Records from a dataset:

----

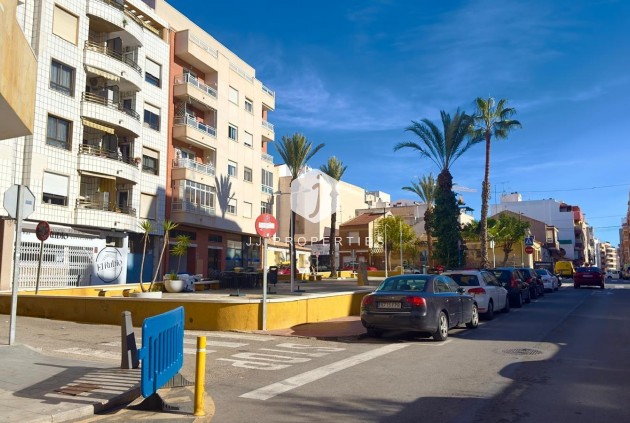Tweedehands - Appartement / flat -
Torrevieja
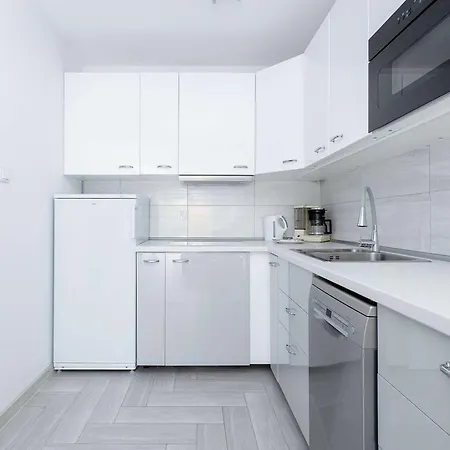 Perlowa Przystan Unique With Air Conditioning And Parking Space In Kolobrzeg By Renters Apartmán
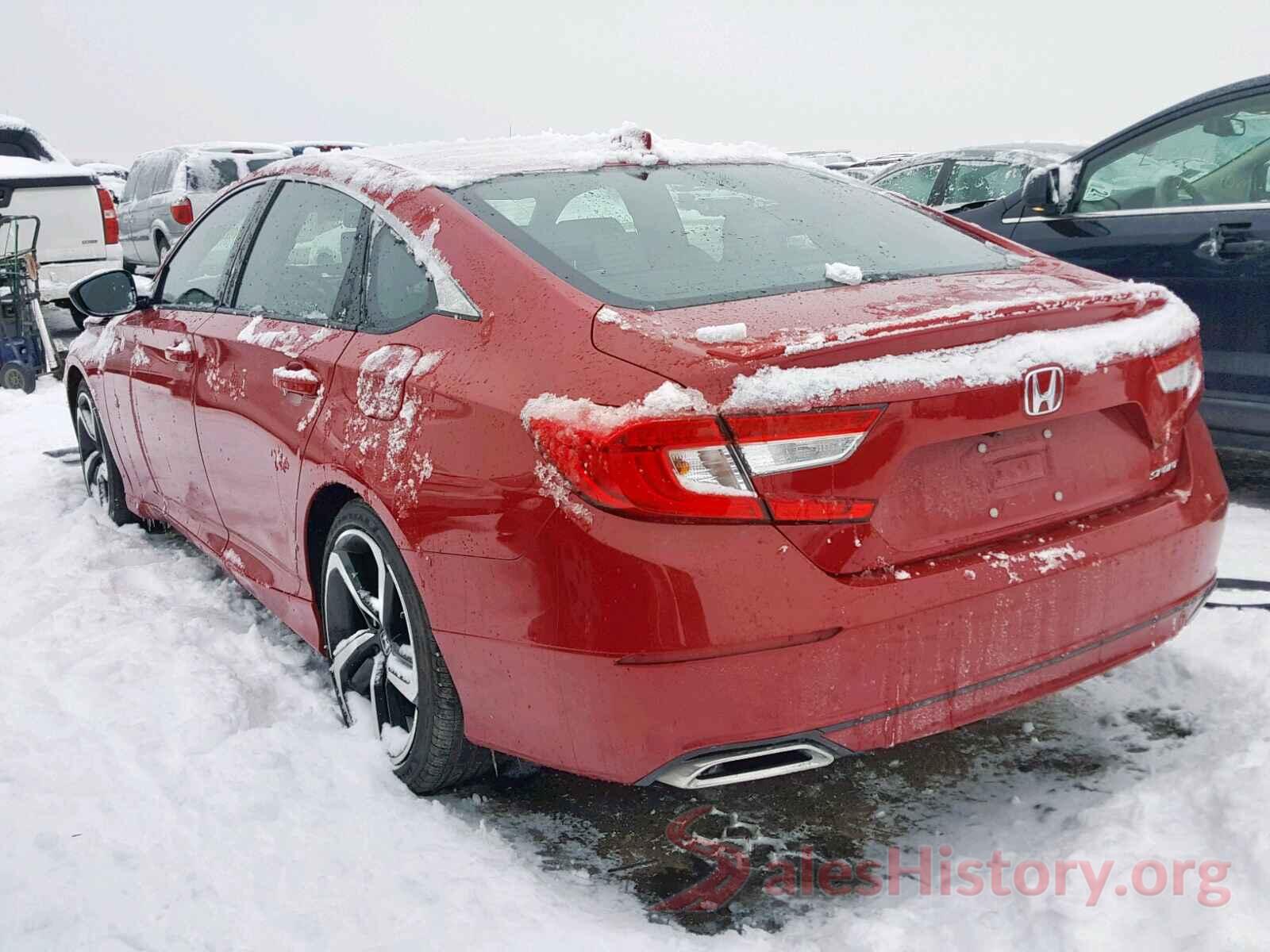 1HGCV1F33JA031892 2018 HONDA ACCORD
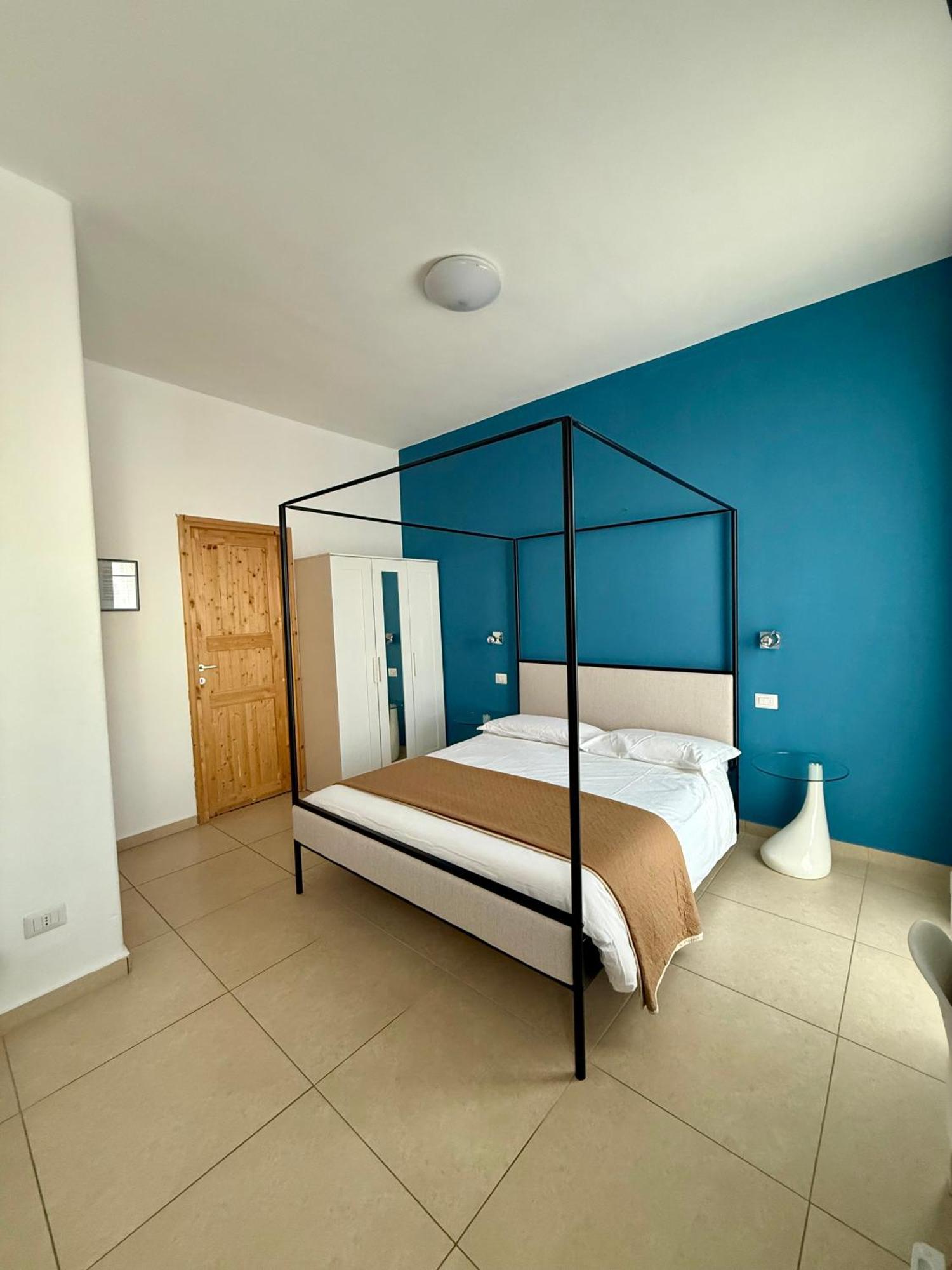 Les Chambres De Francoise Guest House Olbia Exterior photo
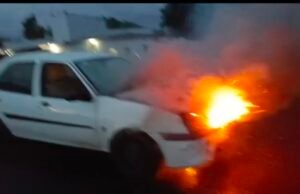 चलती कार में आगचालक ने कूदकर बचाई जान..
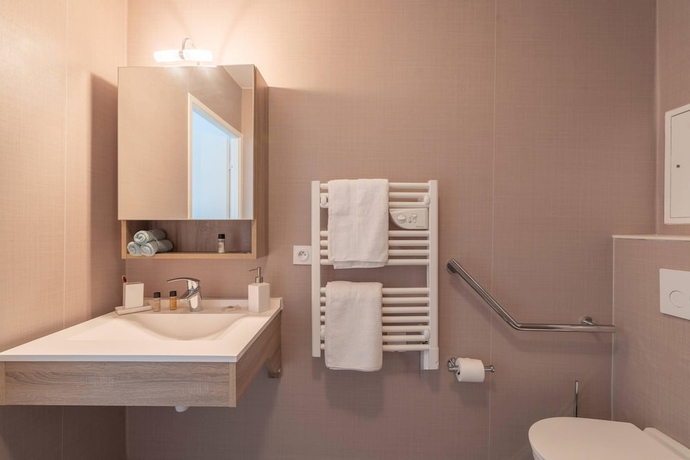 Imagen de la habitación del Quality Aparthotel Moissy-Cramayel. Foto 15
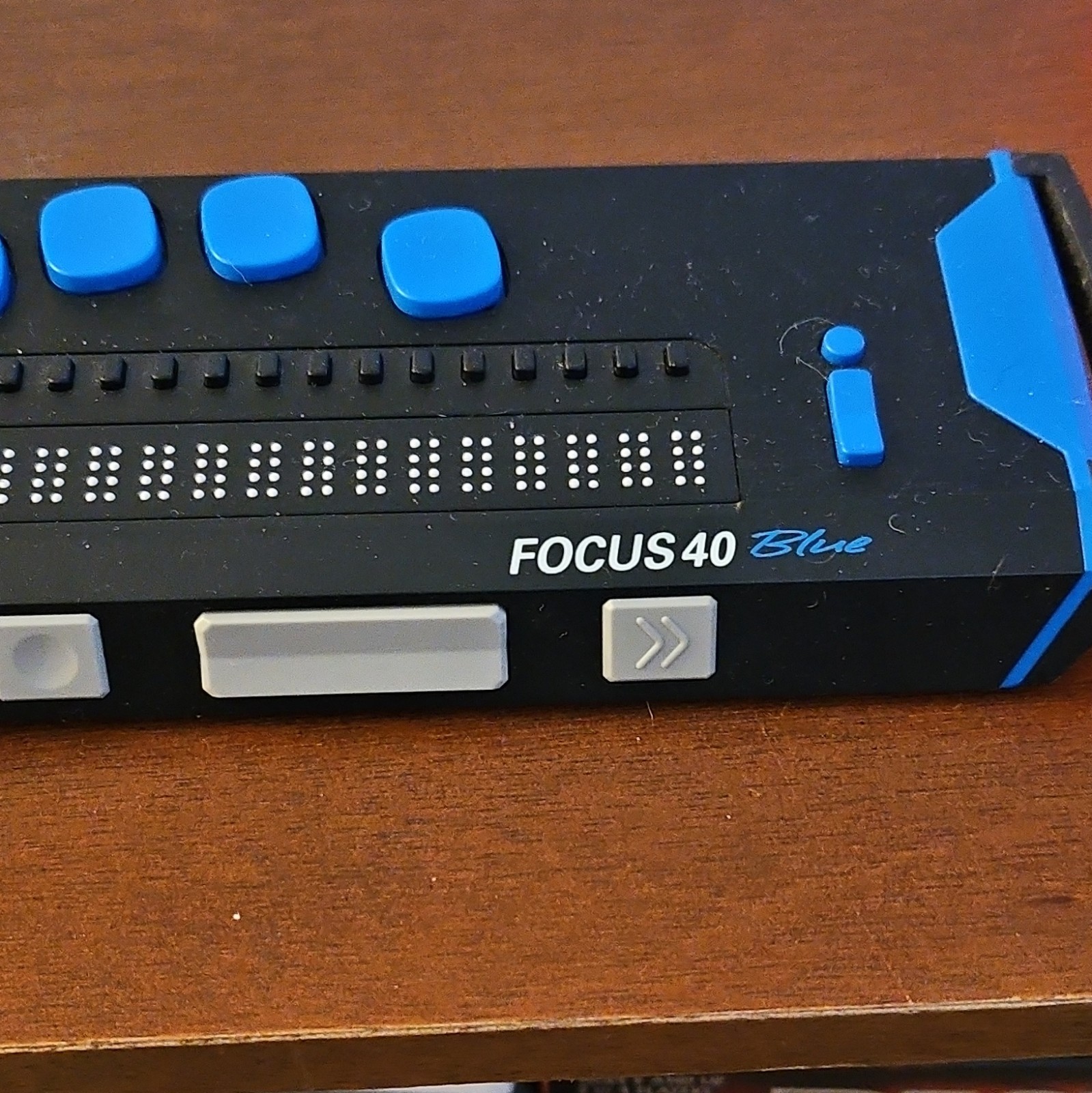 Freedom Scientific Focus 40 Blue Portable Braille Display Black/Blue F40B5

----

→ **Work request**
Nothing but the lines from the one holding "Imagen de la" through the last line of the entries should be written out, exactly and inclusively, minus the pictures.

→ **Exercise output**
 Imagen de la habitación del Quality Aparthotel Moissy-Cramayel. Foto 15
 Freedom Scientific Focus 40 Blue Portable Braille Display Black/Blue F40B5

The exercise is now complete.